## [Supplied material]
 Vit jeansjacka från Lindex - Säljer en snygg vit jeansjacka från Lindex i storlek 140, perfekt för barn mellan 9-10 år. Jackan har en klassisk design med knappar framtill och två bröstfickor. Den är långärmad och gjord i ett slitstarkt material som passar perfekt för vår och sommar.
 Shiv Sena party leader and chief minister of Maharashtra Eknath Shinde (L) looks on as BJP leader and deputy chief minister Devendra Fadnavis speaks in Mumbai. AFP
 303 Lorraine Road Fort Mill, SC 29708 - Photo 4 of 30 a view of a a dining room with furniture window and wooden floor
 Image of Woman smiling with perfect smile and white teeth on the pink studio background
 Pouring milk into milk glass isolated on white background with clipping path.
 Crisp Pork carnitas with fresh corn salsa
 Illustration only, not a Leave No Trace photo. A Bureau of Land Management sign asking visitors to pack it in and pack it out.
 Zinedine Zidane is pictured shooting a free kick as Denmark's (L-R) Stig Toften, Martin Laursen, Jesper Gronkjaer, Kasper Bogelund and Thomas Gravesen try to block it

## [Exercise goal]
Retype, exactly and only, the lines running from the one with "Crisp Pork carnitas with fresh corn salsa" through the final line of the listing above.

## [Exercise answer]
 Crisp Pork carnitas with fresh corn salsa
 Illustration only, not a Leave No Trace photo. A Bureau of Land Management sign asking visitors to pack it in and pack it out.
 Zinedine Zidane is pictured shooting a free kick as Denmark's (L-R) Stig Toften, Martin Laursen, Jesper Gronkjaer, Kasper Bogelund and Thomas Gravesen try to block it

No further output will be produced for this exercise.